Linked List in Assembly Language Homework Sample

The provided code builds a linked list, and inserts values into it. You need to write a routine to print all the values in the list (separated by commas). You also need to write a routine, to search for a value in the list and remove it. The printList routine takes the head of the list as a parameter, and it is guaranteed to not be null. The printList function should be recursive rather than looping. The removeElement routine takes 2 parameters, the address of the list and the value to remove. It should return the new head of the list, and only needs to remove the first instance of the value.
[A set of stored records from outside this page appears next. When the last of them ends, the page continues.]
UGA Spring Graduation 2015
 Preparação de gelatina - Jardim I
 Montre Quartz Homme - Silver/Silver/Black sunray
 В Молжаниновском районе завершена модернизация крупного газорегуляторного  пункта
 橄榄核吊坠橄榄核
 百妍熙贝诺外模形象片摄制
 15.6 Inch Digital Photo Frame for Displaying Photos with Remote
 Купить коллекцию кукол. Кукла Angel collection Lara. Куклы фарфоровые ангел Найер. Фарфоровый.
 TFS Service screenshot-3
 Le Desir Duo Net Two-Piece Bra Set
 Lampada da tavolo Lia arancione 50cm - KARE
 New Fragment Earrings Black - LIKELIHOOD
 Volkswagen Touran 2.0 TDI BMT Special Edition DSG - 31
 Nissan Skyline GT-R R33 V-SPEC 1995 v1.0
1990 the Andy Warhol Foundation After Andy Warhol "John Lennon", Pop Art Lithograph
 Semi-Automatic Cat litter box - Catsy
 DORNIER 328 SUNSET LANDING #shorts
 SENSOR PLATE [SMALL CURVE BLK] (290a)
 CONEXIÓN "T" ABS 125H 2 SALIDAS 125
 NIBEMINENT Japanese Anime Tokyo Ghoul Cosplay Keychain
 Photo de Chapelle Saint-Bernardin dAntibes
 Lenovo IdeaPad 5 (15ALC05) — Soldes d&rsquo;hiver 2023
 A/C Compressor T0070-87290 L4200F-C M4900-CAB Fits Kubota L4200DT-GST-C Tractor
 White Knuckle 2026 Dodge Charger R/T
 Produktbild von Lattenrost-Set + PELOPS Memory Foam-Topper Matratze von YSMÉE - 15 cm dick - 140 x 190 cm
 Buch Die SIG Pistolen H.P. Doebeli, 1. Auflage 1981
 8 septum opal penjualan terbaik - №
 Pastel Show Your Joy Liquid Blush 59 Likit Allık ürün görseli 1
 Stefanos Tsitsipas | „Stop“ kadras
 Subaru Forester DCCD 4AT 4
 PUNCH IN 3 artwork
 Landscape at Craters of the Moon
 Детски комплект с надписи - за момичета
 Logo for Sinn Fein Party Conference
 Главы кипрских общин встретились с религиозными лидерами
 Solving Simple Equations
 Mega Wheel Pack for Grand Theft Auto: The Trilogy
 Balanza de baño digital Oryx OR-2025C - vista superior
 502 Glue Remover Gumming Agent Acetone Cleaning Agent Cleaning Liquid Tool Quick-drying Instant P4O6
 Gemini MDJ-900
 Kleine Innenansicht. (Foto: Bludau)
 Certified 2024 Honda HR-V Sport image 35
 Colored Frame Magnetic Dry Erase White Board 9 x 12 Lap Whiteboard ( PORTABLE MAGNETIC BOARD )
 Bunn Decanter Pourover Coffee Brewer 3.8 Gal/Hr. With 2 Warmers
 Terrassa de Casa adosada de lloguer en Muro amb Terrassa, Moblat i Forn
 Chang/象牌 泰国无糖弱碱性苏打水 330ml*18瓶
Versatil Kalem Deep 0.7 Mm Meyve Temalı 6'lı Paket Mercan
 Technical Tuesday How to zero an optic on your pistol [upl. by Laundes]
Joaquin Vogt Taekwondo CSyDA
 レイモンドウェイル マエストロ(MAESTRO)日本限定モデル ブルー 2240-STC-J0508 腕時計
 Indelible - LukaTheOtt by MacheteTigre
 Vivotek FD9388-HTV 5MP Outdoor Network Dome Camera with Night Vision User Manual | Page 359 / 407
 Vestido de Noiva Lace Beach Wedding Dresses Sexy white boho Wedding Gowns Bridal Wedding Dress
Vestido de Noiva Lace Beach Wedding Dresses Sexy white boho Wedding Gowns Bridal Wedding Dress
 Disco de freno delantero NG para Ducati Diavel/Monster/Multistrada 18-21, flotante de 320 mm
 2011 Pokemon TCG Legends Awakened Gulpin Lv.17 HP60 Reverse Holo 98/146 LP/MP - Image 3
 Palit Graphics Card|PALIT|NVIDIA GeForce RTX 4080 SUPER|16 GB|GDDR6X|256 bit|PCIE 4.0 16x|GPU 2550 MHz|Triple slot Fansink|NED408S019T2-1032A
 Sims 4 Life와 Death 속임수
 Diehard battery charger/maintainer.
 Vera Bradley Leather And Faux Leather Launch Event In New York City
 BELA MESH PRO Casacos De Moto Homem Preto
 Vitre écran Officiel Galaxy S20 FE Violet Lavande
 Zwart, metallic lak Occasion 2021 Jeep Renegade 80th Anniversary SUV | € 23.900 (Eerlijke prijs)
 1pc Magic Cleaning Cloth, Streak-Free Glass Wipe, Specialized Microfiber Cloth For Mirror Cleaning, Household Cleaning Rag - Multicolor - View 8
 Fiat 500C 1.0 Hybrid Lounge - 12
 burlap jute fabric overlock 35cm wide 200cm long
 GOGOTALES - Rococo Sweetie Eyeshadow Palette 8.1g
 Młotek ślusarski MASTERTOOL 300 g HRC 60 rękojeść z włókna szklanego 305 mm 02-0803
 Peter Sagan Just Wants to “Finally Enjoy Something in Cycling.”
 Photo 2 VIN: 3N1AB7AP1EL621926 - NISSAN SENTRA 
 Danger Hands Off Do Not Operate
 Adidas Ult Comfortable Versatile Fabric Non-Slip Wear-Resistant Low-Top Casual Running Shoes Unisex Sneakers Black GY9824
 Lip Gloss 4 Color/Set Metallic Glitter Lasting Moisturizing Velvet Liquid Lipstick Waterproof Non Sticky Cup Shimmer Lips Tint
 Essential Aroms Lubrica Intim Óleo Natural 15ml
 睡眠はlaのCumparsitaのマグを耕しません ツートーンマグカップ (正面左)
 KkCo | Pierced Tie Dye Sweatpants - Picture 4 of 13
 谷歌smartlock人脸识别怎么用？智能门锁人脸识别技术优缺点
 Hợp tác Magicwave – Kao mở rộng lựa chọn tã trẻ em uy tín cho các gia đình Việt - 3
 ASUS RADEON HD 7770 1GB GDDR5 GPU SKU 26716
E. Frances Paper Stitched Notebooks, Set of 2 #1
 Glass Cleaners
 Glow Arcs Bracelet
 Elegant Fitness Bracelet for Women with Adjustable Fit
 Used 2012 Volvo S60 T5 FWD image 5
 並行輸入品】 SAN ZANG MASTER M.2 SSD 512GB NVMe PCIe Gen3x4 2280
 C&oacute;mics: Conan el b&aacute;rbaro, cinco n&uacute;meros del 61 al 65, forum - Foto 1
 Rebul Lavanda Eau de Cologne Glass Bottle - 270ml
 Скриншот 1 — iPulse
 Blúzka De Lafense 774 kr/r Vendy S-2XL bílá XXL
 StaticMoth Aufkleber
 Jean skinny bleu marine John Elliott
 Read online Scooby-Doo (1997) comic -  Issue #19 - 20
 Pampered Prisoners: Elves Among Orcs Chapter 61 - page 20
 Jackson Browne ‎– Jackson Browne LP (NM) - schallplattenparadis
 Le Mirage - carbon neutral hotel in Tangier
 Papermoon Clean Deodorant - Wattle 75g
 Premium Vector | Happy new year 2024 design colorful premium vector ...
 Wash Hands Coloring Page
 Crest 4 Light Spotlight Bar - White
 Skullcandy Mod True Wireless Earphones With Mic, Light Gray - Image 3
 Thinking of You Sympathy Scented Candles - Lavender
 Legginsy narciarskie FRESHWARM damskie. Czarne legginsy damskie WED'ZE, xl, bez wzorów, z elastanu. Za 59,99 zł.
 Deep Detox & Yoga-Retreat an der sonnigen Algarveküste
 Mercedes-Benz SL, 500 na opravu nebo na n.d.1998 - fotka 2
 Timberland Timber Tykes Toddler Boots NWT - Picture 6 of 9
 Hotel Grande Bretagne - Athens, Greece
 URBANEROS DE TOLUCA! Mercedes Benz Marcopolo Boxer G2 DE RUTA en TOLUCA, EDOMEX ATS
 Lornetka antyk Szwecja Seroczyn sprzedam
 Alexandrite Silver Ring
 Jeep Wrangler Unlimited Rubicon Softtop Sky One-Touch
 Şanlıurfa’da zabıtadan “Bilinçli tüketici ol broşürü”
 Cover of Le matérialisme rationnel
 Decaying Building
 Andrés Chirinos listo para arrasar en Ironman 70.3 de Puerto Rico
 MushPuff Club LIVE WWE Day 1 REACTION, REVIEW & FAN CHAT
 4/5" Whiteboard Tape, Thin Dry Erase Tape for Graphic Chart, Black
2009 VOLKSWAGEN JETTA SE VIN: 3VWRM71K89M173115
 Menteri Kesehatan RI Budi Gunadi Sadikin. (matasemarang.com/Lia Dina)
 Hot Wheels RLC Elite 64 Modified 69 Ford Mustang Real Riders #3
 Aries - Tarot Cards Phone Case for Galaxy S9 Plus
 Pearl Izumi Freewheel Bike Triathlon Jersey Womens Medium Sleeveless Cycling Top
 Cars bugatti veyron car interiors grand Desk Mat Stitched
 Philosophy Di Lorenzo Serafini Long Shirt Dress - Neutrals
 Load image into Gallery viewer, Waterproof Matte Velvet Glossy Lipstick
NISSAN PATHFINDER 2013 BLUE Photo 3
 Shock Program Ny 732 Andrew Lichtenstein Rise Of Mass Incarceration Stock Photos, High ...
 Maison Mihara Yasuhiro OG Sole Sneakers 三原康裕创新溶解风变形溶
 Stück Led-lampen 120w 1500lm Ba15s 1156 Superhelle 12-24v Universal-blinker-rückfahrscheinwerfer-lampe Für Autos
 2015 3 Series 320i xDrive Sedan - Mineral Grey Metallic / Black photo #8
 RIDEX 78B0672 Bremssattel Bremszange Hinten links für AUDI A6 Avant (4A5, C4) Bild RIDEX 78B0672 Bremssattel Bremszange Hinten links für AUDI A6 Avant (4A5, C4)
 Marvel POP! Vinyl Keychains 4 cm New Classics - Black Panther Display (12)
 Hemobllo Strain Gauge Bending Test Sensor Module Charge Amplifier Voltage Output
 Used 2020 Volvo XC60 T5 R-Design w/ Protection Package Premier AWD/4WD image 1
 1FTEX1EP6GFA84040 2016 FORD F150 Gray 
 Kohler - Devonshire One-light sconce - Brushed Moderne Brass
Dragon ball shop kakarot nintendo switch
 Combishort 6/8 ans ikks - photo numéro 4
For more assembly language programming help contact us for details.

Solution:

listnode.asm

# A note on choice of instructions:
# For pedagogical purposes, we avoided using instructions in the pseudoinstruction set
# as much as possible. Mostly, instead of li and move, we are using addiu and addu, and instead
# of bge/blt, we are using slt/slti with beq/bne.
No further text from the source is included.